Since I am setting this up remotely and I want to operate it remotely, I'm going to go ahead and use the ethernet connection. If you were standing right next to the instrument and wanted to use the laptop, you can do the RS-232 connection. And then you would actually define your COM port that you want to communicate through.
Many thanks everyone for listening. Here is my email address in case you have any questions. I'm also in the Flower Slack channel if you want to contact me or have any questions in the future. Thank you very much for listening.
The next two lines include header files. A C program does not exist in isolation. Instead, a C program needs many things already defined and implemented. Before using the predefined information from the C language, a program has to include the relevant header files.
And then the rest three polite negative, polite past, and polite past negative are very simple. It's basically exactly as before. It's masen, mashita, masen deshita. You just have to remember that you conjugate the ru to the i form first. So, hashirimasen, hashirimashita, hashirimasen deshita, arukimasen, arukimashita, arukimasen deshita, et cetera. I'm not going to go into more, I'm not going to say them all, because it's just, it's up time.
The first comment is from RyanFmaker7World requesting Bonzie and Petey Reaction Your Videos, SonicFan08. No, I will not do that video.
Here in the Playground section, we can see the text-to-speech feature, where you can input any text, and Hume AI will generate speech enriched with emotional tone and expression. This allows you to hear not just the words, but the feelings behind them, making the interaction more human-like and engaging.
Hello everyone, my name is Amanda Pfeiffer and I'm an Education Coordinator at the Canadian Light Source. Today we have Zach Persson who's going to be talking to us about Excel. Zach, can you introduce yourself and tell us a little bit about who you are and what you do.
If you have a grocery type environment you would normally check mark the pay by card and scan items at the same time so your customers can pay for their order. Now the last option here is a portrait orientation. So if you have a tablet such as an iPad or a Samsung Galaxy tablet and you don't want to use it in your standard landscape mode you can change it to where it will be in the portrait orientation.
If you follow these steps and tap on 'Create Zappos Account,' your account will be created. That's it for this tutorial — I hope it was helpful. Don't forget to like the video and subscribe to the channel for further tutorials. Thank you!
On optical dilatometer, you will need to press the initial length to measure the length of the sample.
· · ·
• **Exercise instructions**: Repeat exactly, and only, the lines from the one containing "And then the" through the last line above.

• **Answer box**:
And then the rest three polite negative, polite past, and polite past negative are very simple. It's basically exactly as before. It's masen, mashita, masen deshita. You just have to remember that you conjugate the ru to the i form first. So, hashirimasen, hashirimashita, hashirimasen deshita, arukimasen, arukimashita, arukimasen deshita, et cetera. I'm not going to go into more, I'm not going to say them all, because it's just, it's up time.
The first comment is from RyanFmaker7World requesting Bonzie and Petey Reaction Your Videos, SonicFan08. No, I will not do that video.
Here in the Playground section, we can see the text-to-speech feature, where you can input any text, and Hume AI will generate speech enriched with emotional tone and expression. This allows you to hear not just the words, but the feelings behind them, making the interaction more human-like and engaging.
Hello everyone, my name is Amanda Pfeiffer and I'm an Education Coordinator at the Canadian Light Source. Today we have Zach Persson who's going to be talking to us about Excel. Zach, can you introduce yourself and tell us a little bit about who you are and what you do.
If you have a grocery type environment you would normally check mark the pay by card and scan items at the same time so your customers can pay for their order. Now the last option here is a portrait orientation. So if you have a tablet such as an iPad or a Samsung Galaxy tablet and you don't want to use it in your standard landscape mode you can change it to where it will be in the portrait orientation.
If you follow these steps and tap on 'Create Zappos Account,' your account will be created. That's it for this tutorial — I hope it was helpful. Don't forget to like the video and subscribe to the channel for further tutorials. Thank you!
On optical dilatometer, you will need to press the initial length to measure the length of the sample.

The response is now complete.